Dataset content
------------
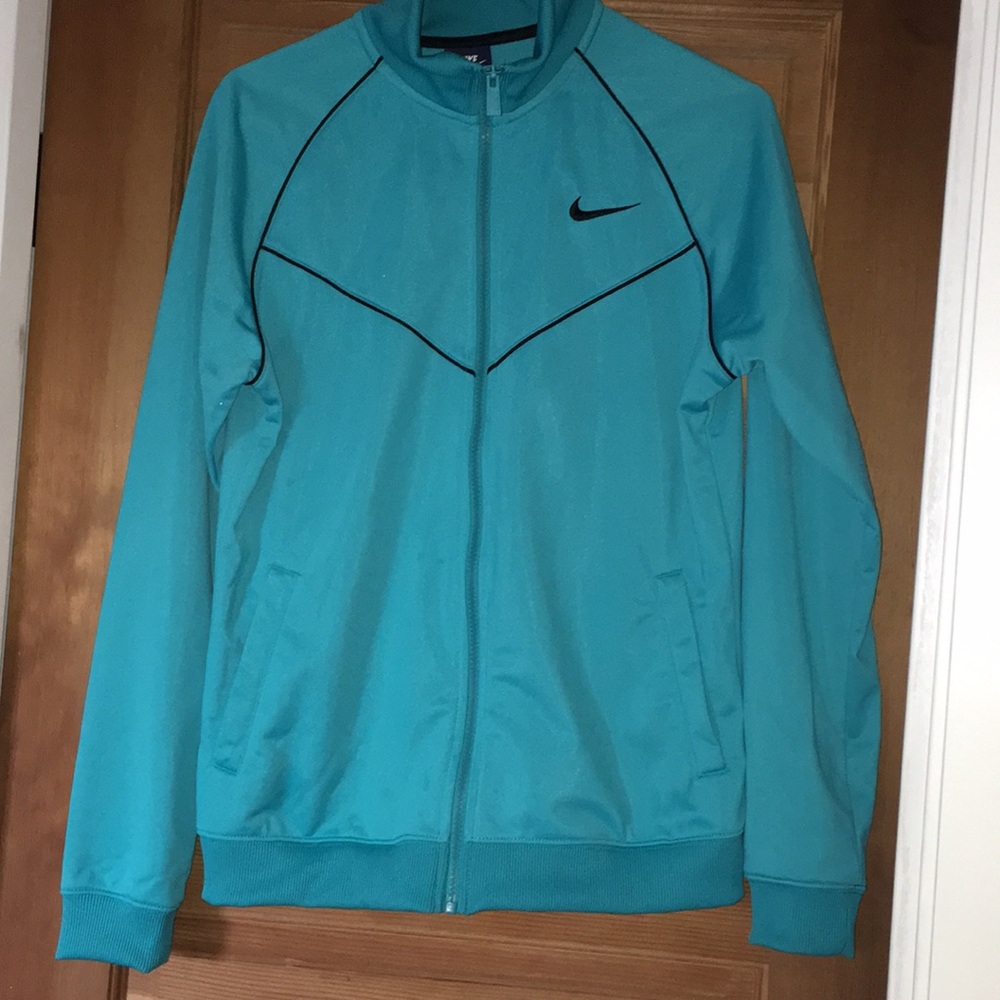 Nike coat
------------
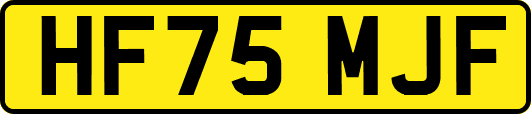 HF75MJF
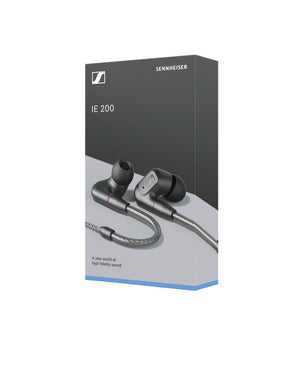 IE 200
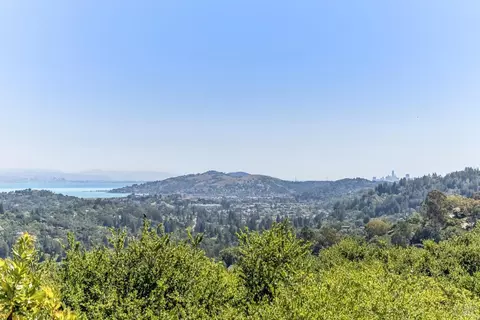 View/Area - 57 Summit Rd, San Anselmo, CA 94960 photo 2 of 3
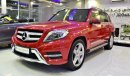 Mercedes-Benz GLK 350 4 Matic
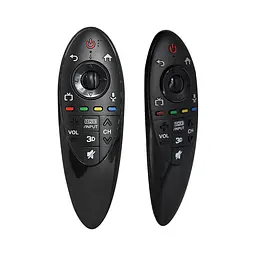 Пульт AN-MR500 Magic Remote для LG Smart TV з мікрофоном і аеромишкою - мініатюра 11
------------
Goal of the exercise
Output only the lines above from the line that holds "Mercedes-Benz GLK 350 4 Matic" through the line that holds "Пульт AN-MR500 Magic", both ends included, and exclude pictures.

Answer box
 Mercedes-Benz GLK 350 4 Matic
 Пульт AN-MR500 Magic Remote для LG Smart TV з мікрофоном і аеромишкою - мініатюра 11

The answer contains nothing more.